Most astronomers use the moon or the major planets for their occulations: Worsley used tiny Mercury once, "just for swank," to show he could do it" (Armstrong, 1998, pp. 72-73).

To write this easy-to-read account, Armstrong was lucky in that she had access to the University of Cambridge's Scott Polar Research Institute, Worsley's logbook, and other first-hand accounts of the Endurance expedition and survival.

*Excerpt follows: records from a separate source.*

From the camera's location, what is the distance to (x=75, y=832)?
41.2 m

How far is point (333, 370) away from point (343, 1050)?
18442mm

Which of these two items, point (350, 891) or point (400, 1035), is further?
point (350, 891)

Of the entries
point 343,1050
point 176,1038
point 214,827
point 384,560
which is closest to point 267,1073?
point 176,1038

The book is an excellent compilation of photos and records, and because of the many first-hand accounts available to researchers, there are many direct quotes and stories from the crew and officers aboard.  A full bibliography is presented at the end as well.  Young readers who love dogs may be a little put off by the multiple times the killing of the sled dogs is discussed, but Armstrong tells the full truth of the matter in a way that is understandable for young readers.  One of my personal favorite anecdotes is the toast that was raised every Saturday night in the common room (also called "the Ritz"):  To our sweethearts and wives -- may they never meet!" (Armstrong, 1998, p. 34).
One of the sled dogs

"This unbelievable story is enhanced by the vigorous prose; from the captivating introduction through the epilogue, it is the writing as much as the story that will rivet readers. The black-and-white photos, taken mostly on glass plates by the expedition’s photographer, Frank Hurley, survived along with the men and are of exceptional quality" (Kirkus).

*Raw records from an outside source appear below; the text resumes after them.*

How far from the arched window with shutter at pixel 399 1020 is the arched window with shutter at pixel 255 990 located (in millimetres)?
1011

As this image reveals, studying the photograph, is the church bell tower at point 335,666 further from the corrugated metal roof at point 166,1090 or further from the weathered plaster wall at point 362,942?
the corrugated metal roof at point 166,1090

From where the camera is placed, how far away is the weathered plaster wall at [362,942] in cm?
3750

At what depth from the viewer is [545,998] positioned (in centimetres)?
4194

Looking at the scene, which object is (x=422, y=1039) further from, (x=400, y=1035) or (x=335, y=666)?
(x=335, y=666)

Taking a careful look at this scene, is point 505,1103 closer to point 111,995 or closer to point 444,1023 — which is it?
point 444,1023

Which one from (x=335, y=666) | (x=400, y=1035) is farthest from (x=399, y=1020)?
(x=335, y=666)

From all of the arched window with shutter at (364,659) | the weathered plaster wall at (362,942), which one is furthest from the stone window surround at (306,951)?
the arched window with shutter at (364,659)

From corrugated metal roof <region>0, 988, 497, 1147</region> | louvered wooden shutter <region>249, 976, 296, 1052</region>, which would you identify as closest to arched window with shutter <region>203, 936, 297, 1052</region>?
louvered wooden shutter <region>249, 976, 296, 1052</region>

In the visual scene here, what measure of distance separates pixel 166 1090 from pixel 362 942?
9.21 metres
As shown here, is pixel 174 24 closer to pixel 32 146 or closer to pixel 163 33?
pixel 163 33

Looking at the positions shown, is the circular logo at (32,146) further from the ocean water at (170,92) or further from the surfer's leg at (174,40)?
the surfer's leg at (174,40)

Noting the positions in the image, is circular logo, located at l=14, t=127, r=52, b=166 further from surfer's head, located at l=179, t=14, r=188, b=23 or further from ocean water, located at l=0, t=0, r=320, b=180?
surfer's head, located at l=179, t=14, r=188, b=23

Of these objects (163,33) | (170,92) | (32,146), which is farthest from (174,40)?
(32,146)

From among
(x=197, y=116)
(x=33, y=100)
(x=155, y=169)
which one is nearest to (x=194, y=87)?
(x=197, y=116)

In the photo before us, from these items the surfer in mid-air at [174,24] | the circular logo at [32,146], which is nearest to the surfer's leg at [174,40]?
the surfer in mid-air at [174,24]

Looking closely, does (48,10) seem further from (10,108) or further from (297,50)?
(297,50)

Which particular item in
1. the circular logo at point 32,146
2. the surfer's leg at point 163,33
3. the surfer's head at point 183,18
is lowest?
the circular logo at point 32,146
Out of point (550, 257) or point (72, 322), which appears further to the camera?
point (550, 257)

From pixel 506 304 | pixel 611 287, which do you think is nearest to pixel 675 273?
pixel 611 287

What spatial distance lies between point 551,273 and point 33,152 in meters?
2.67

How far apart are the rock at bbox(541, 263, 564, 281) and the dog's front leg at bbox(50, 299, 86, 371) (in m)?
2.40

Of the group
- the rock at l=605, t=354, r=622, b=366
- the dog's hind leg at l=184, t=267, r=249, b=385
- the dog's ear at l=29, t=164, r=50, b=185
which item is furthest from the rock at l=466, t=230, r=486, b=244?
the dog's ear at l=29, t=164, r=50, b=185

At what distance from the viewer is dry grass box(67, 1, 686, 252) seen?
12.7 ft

"Gr 6 Up-- This is a highly engaging account of Ernest Shackleton's bravery and leadership after his ship Endurance was crushed in the Antarctic ice in 1914. Armstrong's text reflects the hearty optimism, good humor, and resourcefulness that led to the survival of all 28 men after being stranded for 22 months. Excerpts from crew members' diaries and ghostly black-and-white photos of the ice-laden ship are included" (Reutter, 2004, para. 1).

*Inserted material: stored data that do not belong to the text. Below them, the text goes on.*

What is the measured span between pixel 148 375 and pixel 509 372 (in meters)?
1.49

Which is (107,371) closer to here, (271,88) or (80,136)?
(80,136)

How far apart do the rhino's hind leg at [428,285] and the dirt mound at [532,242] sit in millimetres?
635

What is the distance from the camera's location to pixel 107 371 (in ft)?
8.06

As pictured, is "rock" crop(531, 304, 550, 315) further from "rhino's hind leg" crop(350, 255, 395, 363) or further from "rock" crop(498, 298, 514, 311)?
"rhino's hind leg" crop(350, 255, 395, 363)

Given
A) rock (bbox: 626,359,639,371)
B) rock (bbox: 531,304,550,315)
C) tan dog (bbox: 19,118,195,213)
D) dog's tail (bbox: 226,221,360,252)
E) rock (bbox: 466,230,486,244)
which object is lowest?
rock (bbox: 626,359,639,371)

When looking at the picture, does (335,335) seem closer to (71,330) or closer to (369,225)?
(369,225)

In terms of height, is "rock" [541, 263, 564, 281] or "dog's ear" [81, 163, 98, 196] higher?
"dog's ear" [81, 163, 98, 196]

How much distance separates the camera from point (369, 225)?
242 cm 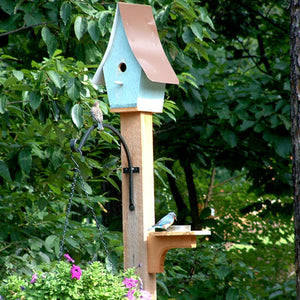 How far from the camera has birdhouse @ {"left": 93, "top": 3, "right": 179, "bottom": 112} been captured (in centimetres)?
270

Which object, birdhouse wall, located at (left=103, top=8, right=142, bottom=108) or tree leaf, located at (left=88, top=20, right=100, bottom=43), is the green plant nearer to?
birdhouse wall, located at (left=103, top=8, right=142, bottom=108)

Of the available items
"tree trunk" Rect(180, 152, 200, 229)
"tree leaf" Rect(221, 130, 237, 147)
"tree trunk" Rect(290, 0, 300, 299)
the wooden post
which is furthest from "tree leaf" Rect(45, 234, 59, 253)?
"tree trunk" Rect(180, 152, 200, 229)

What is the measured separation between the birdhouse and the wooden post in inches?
3.2

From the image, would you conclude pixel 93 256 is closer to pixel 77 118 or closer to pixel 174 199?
pixel 77 118

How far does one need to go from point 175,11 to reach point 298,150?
1118 millimetres

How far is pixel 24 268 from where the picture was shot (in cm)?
341

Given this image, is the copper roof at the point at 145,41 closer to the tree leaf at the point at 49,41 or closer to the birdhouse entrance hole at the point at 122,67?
the birdhouse entrance hole at the point at 122,67

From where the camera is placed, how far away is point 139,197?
2.63 metres

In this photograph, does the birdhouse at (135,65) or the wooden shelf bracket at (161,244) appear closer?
the wooden shelf bracket at (161,244)

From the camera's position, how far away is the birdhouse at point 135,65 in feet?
8.86

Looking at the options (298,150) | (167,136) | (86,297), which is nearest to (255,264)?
(167,136)

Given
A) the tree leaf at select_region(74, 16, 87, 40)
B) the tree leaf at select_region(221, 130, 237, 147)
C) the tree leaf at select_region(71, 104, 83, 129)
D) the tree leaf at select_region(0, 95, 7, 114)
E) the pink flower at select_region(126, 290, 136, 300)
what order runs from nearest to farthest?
1. the pink flower at select_region(126, 290, 136, 300)
2. the tree leaf at select_region(71, 104, 83, 129)
3. the tree leaf at select_region(0, 95, 7, 114)
4. the tree leaf at select_region(74, 16, 87, 40)
5. the tree leaf at select_region(221, 130, 237, 147)

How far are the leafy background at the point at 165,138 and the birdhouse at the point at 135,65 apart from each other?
312 mm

Reviewing the audiobook version:

"It is a testimonial to the clockwork construction of the text of this book, its relentless narrative pull, and its detailed sense of reality that listening to it without the stunning visual material included in the print version is still a completely satisfying and compelling experience. The listener is swept along on a tide of anticipation: what else can possibly go wrong on Shackleton's 1914 attempt to cross Antarctica? And how do the men survive? Narrator Taylor Mali portrays the various voices of the motley crew — from the polished reserve of Shackleton himself to Captain Worsley's rough New Zealand growl — with generally successful consistency. His strongest suit, however, seems to lie in his ability to read long lists (there are a surprising number — from the contents of the Endurance's hold to the types of ice found in the Antarctic) with verve and drama. This amazing story will doubtless lead listeners back to the book itself to view the excellent charts, maps, and documentary photographs of Shackleton's incredible voyage" (Beavin, 2000, para. 1).


Adventure-seekers and explorers will surely love this book.  This book could be a good pick for discussions about extraordinary feats, courage, and perseverance.  There are the obvious winter/cold-themed displays that the book could fit in with as well.  I could see in the winter having a book talk with young readers and then making paper snowflakes (and maybe yarn bears to tape the snowflakes to)...


Beavin, K. (2000). Shipwreck at the Bottom of the World: The Extraordinary True Story of Shackleton and the Endurance. Horn Book Magazine, 76(3), 340.

Kirkus Reviews (1998). Shipwreck at the bottom of the world. Retrieved November 27, 2011 from

Reutter, V. (2004). Shipwreck at the Bottom of the World (Book). School Library Journal, 50(5), 64-65.